[SPARK-12898] Consider having dummyCallSite for HiveTableScan

Currently, HiveTableScan runs with getCallSite which is really expensive and shows up when scanning through large table with partitions (e.g TPC-DS) which slows down the overall runtime of the job. It would be good to consider having dummyCallSite in HiveTableScan.
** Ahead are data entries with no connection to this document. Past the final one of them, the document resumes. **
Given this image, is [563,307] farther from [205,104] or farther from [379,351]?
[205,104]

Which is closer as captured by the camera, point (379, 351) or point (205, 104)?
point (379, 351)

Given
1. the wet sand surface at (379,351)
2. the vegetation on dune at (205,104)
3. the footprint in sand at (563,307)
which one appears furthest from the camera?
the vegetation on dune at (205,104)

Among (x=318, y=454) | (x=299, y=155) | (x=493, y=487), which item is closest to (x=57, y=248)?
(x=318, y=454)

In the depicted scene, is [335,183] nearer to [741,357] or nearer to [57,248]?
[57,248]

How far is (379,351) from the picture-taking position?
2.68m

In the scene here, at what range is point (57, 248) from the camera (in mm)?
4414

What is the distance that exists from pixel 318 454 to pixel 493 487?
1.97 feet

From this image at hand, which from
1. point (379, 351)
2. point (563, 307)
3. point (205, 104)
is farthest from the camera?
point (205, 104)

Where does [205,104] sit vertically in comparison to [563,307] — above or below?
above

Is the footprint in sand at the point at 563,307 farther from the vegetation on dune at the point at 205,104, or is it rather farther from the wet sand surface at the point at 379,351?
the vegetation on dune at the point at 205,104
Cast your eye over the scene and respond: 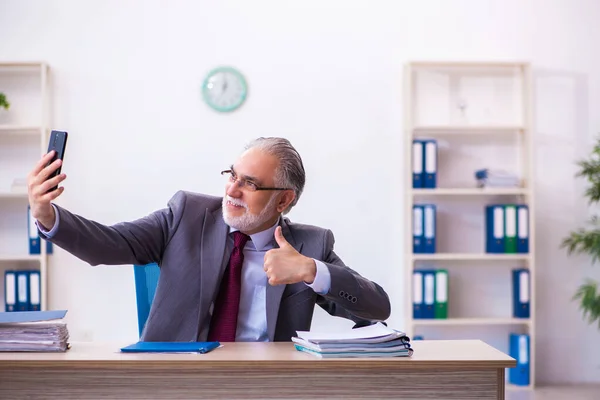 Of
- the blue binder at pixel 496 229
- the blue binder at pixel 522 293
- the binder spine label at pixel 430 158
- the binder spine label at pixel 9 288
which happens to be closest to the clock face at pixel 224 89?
the binder spine label at pixel 430 158

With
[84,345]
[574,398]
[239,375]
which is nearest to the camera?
[239,375]

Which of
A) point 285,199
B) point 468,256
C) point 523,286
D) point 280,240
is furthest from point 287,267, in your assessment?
point 523,286

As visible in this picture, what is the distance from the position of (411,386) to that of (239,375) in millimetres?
439

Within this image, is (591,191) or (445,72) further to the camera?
(445,72)

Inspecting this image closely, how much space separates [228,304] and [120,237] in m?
0.41

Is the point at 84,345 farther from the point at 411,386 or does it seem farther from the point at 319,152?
the point at 319,152

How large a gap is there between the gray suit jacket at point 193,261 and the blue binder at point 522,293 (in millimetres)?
2765

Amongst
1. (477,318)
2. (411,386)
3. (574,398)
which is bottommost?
(574,398)

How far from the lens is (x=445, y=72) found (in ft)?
17.4

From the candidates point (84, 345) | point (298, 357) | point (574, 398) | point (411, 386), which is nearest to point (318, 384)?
point (298, 357)

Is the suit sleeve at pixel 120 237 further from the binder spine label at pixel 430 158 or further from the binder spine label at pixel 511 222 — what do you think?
the binder spine label at pixel 511 222

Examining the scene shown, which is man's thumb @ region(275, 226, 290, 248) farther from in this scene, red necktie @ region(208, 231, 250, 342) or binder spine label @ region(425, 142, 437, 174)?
binder spine label @ region(425, 142, 437, 174)

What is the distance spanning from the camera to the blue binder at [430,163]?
4996 mm

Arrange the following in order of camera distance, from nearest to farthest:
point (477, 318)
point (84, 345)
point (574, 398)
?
point (84, 345), point (574, 398), point (477, 318) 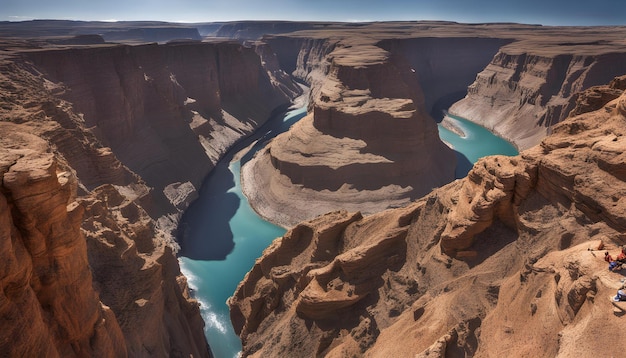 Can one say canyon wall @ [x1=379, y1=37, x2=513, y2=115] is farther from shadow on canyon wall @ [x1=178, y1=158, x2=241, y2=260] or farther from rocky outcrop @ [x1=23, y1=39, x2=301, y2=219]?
shadow on canyon wall @ [x1=178, y1=158, x2=241, y2=260]

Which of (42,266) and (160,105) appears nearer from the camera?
(42,266)

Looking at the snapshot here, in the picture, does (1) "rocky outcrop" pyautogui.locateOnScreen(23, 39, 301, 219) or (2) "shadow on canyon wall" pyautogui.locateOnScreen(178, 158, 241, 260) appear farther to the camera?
(1) "rocky outcrop" pyautogui.locateOnScreen(23, 39, 301, 219)

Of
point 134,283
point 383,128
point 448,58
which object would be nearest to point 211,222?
point 383,128

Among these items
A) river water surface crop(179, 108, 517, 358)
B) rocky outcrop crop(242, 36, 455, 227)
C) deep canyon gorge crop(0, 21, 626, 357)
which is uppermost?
deep canyon gorge crop(0, 21, 626, 357)

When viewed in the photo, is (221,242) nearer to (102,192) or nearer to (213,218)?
(213,218)

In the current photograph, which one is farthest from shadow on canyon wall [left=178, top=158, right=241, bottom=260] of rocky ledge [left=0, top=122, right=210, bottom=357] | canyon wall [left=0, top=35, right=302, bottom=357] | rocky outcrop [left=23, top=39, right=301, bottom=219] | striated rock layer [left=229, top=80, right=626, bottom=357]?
rocky ledge [left=0, top=122, right=210, bottom=357]

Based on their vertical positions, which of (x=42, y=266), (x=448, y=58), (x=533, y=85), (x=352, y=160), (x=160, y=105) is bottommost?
(x=352, y=160)

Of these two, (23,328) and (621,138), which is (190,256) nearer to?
(23,328)

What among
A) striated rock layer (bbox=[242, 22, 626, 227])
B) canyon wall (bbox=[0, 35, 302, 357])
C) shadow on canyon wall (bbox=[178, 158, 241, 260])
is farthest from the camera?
striated rock layer (bbox=[242, 22, 626, 227]) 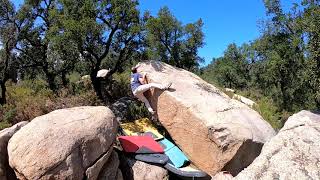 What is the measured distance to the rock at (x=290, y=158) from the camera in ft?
19.2

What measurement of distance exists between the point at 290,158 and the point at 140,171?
6370 millimetres

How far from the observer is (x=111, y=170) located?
37.1ft

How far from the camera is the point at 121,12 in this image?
19328 millimetres

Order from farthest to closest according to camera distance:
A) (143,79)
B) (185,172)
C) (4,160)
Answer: (143,79), (185,172), (4,160)

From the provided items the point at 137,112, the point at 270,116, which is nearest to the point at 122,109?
the point at 137,112

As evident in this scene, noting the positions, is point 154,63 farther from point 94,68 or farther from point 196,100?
point 94,68

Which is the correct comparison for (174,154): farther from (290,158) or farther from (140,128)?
(290,158)

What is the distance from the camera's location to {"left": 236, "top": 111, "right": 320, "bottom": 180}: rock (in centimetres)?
586

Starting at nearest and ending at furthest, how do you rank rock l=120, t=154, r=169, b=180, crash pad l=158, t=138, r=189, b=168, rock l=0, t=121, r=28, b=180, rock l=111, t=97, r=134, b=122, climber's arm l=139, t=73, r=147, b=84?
rock l=0, t=121, r=28, b=180, rock l=120, t=154, r=169, b=180, crash pad l=158, t=138, r=189, b=168, climber's arm l=139, t=73, r=147, b=84, rock l=111, t=97, r=134, b=122

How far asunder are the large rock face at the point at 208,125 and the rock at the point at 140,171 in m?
1.51

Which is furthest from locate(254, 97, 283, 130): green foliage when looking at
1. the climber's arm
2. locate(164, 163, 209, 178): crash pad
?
the climber's arm

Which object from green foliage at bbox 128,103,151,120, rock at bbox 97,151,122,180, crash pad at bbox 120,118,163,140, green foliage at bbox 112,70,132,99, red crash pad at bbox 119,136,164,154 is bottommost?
rock at bbox 97,151,122,180

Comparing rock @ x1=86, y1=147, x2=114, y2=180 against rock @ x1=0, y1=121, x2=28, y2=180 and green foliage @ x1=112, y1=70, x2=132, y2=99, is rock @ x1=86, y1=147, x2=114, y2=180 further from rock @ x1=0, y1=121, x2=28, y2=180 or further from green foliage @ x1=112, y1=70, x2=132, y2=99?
green foliage @ x1=112, y1=70, x2=132, y2=99

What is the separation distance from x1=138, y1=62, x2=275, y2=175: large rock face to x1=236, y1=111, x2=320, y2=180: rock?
457cm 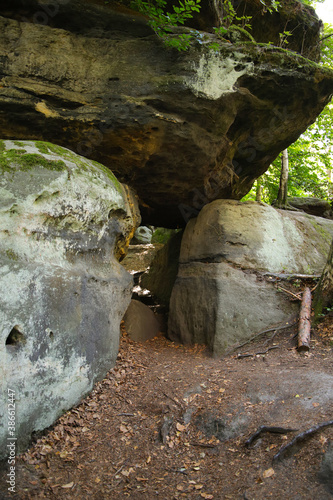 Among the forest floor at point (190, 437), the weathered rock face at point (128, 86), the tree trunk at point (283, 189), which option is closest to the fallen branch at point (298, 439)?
the forest floor at point (190, 437)

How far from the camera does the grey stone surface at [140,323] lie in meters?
7.21

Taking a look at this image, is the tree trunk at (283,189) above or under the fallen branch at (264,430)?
above

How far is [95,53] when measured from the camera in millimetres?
6191

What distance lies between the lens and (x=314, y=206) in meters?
12.4

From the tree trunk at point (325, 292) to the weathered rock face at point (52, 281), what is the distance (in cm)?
350

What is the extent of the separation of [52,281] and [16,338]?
785mm

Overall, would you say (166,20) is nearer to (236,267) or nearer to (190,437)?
(236,267)

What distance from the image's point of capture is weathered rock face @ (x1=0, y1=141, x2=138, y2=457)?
391cm

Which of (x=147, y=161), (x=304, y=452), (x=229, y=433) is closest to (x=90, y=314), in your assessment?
(x=229, y=433)

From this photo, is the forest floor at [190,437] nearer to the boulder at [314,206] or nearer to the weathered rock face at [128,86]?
A: the weathered rock face at [128,86]

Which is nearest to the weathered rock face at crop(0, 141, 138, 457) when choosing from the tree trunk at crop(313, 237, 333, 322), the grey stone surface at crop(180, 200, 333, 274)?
the grey stone surface at crop(180, 200, 333, 274)

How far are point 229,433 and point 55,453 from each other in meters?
1.91

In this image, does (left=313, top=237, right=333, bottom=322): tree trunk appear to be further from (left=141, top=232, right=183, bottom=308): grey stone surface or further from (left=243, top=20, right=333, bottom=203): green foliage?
(left=243, top=20, right=333, bottom=203): green foliage

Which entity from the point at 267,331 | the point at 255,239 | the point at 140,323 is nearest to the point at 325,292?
the point at 267,331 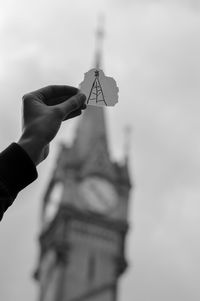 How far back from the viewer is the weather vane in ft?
6.38

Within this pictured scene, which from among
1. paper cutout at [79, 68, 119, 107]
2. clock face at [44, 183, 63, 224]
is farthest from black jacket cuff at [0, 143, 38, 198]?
clock face at [44, 183, 63, 224]

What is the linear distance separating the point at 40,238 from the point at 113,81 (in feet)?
125

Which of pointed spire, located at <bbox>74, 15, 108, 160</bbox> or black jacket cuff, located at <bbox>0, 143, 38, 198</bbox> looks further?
pointed spire, located at <bbox>74, 15, 108, 160</bbox>

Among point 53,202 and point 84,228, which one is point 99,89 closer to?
point 84,228

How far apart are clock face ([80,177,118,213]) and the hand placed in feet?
121

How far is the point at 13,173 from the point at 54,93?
0.32m

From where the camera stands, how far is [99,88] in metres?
2.00

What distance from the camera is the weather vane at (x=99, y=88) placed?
194cm

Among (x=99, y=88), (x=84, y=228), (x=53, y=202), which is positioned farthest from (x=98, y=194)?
(x=99, y=88)

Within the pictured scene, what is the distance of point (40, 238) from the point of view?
130 feet

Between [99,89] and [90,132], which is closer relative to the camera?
[99,89]

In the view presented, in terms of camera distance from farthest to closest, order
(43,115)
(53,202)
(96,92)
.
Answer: (53,202), (96,92), (43,115)

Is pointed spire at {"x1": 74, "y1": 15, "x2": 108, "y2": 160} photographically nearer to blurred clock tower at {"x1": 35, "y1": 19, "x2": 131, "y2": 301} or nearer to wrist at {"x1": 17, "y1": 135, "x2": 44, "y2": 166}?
blurred clock tower at {"x1": 35, "y1": 19, "x2": 131, "y2": 301}

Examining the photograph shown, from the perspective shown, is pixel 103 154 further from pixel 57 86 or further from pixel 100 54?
pixel 57 86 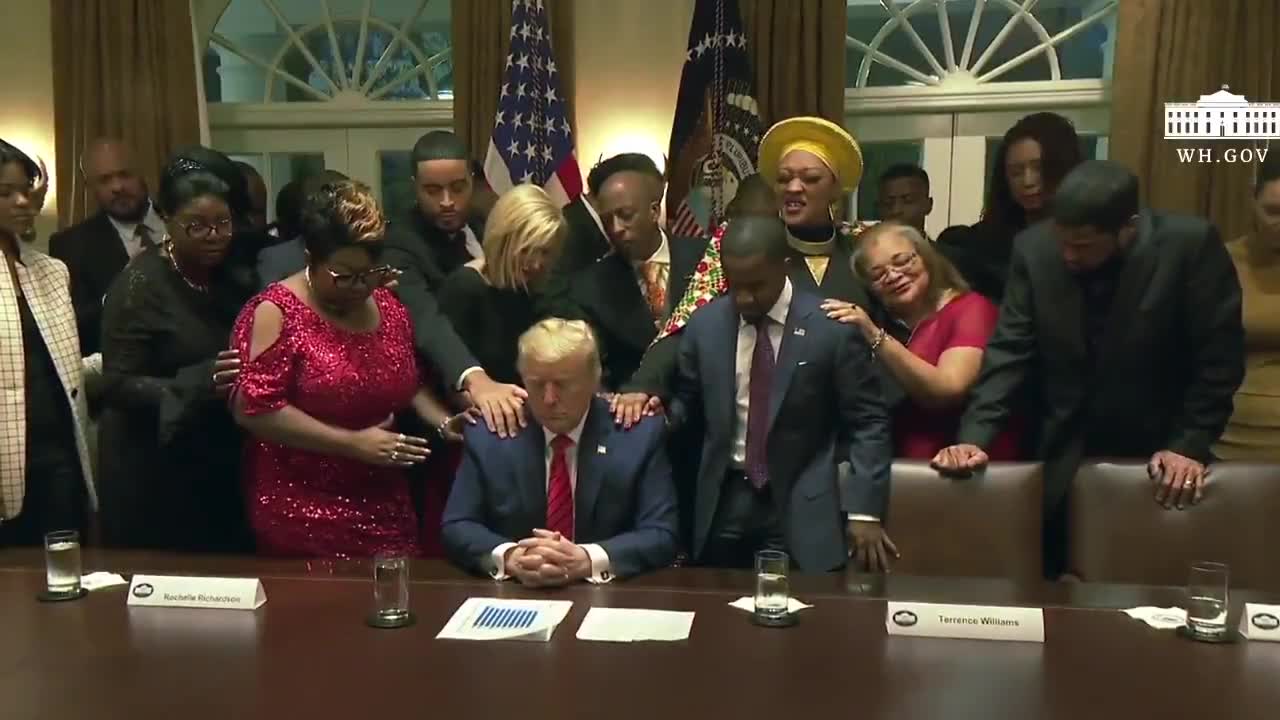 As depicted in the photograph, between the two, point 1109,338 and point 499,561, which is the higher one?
point 1109,338

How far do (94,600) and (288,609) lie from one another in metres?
0.36

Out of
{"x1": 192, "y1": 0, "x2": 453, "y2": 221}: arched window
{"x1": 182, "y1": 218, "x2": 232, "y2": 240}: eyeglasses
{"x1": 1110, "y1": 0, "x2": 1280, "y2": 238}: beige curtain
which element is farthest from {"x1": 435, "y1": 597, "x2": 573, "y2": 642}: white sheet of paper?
{"x1": 192, "y1": 0, "x2": 453, "y2": 221}: arched window

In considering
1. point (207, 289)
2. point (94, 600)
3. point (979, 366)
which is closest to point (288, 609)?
point (94, 600)

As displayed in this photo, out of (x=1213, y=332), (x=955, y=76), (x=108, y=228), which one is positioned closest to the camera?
(x=1213, y=332)

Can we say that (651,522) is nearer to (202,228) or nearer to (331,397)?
(331,397)

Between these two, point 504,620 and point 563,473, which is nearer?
point 504,620

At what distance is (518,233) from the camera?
8.58 feet

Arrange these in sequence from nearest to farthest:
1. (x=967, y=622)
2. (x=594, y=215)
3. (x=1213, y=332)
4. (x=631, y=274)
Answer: (x=967, y=622) → (x=1213, y=332) → (x=631, y=274) → (x=594, y=215)

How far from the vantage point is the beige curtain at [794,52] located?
17.4 ft

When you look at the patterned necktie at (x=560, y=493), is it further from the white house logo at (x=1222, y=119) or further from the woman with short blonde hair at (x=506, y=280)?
the white house logo at (x=1222, y=119)

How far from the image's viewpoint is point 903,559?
7.64 ft

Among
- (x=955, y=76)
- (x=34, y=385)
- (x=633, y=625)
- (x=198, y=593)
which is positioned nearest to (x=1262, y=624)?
(x=633, y=625)

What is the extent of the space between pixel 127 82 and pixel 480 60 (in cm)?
187

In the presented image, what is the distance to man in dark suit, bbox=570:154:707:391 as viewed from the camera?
9.46ft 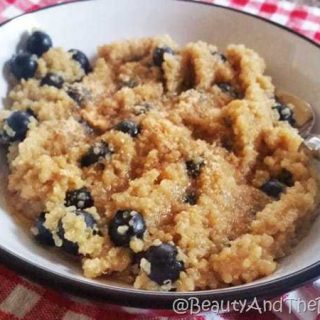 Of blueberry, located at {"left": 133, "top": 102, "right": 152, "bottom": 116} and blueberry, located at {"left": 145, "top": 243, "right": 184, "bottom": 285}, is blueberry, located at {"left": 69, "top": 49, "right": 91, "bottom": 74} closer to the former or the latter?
blueberry, located at {"left": 133, "top": 102, "right": 152, "bottom": 116}

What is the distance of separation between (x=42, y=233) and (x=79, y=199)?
0.38 feet

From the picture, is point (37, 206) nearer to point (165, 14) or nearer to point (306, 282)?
point (306, 282)

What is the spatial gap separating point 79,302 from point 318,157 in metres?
0.72

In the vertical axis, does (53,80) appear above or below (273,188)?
below

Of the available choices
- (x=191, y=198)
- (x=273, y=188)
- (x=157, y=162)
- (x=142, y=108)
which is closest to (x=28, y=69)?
(x=142, y=108)

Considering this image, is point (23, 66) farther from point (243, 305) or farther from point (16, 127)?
point (243, 305)

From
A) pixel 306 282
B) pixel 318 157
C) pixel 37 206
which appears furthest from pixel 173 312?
pixel 318 157

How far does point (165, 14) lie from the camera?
6.84ft

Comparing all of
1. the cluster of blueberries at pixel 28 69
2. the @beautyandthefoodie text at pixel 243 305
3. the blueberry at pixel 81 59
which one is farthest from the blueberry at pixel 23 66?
the @beautyandthefoodie text at pixel 243 305

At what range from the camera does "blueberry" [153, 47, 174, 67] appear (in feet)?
6.06

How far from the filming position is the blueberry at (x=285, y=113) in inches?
68.7

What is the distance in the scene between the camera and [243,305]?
121 centimetres

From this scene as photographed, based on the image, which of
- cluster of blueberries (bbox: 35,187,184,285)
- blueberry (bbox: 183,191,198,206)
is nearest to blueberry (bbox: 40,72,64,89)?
cluster of blueberries (bbox: 35,187,184,285)

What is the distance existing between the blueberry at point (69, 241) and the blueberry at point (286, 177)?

Author: Rajesh Balamohan <rbalamohan@apache.org> Closes #10825 from rajeshbalamohan/SPARK-12898.
2016-01-20 11:30:03 -08:00 · 2016-01-20 11:30:03 -08:00 · ab4a6bfd11
parent e75e340a40
commit ab4a6bfd11
1 changed files with 10 additions and 3 deletions
--- a/sql/hive/src/main/scala/org/apache/spark/sql/hive/execution/HiveTableScan.scala
+++ b/sql/hive/src/main/scala/org/apache/spark/sql/hive/execution/HiveTableScan.scala
@ -32,6 +32,7 @@ import org.apache.spark.sql.catalyst.expressions._
 import org.apache.spark.sql.execution._
 import org.apache.spark.sql.hive._
 import org.apache.spark.sql.types.{BooleanType, DataType}
+import org.apache.spark.util.Utils

 /**
 * The Hive table scan operator.  Column and partition pruning are both handled.
@ -133,12 +134,18 @@ case class HiveTableScan(
  }

  protected override def doExecute(): RDD[InternalRow] = {
+    // Using dummyCallSite, as getCallSite can turn out to be expensive with
+    // with multiple partitions.
    val rdd = if (!relation.hiveQlTable.isPartitioned) {
+      Utils.withDummyCallSite(sqlContext.sparkContext) {
        hadoopReader.makeRDDForTable(relation.hiveQlTable)
+      }
    } else {
+      Utils.withDummyCallSite(sqlContext.sparkContext) {
        hadoopReader.makeRDDForPartitionedTable(
          prunePartitions(relation.getHiveQlPartitions(partitionPruningPred)))
      }
+    }
    rdd.mapPartitionsInternal { iter =>
      val proj = UnsafeProjection.create(schema)
      iter.map(proj)